Keempat, dalam mengelola tambang, Muhammadiyah berusaha semaksimal mungkin dan penuh tanggung jawab melibatkan kalangan profesional dari kalangan kader dan warga Persyarikatan, masyarakat di sekitar area tambang, sinergi dengan perguruan tinggi, serta penerapan teknologi yang meminimalkan kerusakan alam.
"Muhammadiyah memiliki sumber daya manusia (SDM) yang amanah, profesional, dan berpengalaman di bidang pertambangan serta sejumlah perguruan tinggi Muhammadiyah memiliki program studi Pertambangan sehingga usaha tambang dapat menjadi tempat praktik dan pengembangan entrepreneurship yang baik."
Kelima, dalam mengelola tambang, Muhammadiyah akan bekerja sama dengan mitra yang berpengalaman mengelola tambang, memiliki komitmen dan integritas yang tinggi, dan keberpihakan kepada masyarakat dan Persyarikatan melaui perjanjian kerja sama yang saling menguntungkan.

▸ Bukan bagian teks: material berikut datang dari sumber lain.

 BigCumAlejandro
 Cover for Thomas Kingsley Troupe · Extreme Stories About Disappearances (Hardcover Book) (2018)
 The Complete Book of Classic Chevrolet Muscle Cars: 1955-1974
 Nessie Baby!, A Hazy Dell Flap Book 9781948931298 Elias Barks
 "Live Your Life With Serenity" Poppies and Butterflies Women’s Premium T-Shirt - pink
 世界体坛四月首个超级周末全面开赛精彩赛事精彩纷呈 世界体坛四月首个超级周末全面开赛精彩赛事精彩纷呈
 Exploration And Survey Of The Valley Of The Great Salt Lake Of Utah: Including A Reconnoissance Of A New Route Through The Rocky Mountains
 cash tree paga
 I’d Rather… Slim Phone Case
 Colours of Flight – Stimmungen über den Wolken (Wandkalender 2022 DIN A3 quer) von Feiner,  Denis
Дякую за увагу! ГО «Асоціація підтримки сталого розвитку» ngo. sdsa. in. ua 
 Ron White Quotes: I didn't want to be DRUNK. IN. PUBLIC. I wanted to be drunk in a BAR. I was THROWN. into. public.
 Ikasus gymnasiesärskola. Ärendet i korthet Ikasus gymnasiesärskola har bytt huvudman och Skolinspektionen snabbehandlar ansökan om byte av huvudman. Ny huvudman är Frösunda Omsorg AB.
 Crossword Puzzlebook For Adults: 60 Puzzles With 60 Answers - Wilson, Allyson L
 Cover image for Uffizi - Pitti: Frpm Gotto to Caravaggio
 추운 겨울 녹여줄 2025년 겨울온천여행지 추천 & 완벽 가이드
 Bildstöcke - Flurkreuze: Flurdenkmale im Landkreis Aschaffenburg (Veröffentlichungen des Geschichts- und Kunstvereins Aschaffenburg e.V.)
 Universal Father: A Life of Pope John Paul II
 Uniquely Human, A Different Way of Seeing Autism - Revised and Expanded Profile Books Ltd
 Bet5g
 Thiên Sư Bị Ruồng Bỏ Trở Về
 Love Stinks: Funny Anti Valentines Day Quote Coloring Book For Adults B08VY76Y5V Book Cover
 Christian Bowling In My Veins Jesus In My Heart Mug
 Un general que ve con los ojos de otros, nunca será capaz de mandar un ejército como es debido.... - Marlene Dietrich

Keenam, pengelolaan tambang oleh Muhammadiyah dilakukan dalam batas waktu tertentu dengan tetap mendukung dan melanjutkan usaha-usaha pengembangan sumber-sumber energi yang terbarukan, serta membangun budaya hidup bersih dan ramah lingkungan.
Pengelolaan tambang disertai dengan monitoring, evaluasi, dan penilaian manfaat dan mafsadat (kerusakan) bagi masyarakat.
Apabila pengelolaan tambang lebih banyak menimbulkan mafsadat, maka Muhammadiyah secara bertanggungjawab akan mengembalikan izin usaha pertambangan kepada pemerintah.
Ketujuh, dalam pengelolaan tambang, Muhammadiyah berusaha mengembangkan model yang berorientasi pada kesejahteraan dan keadilan sosial, pemberdayaan masyarakat, membangun ekosistem yang ramah lingkungan, riset dan laboratorium pendidikan, serta pembinaan jamaah dan dakwah jamaah.
"Pengembangan tambang oleh Muhammadiyah diusahakan dapat menjadi model usaha "not for profit" di mana keuntungan usaha dimanfaatkan untuk mendukung dakwah dan amal usaha Muhammadiyah serta masyarakat luas".
Kedelapan, menunjuk tim pengelola tambang Muhammadiyah yang terdiri atas Muhadjir Effendy (Ketua), Muhammad Sayuti (Sekretaris), dengan anggota Anwar Abbas, Hilman Latief, Agung Danarto, Ahmad Dahlan Rais, Bambang Setiaji, Arif Budimanta, Nurul Yamin, dan M. Azrul Tanjung.
Kesembilan, tim memiliki tugas, wewenang, dan tanggung jawab yang akan ditetapkan kemudian dalam Surat Keputusan PP Muhammadiyah.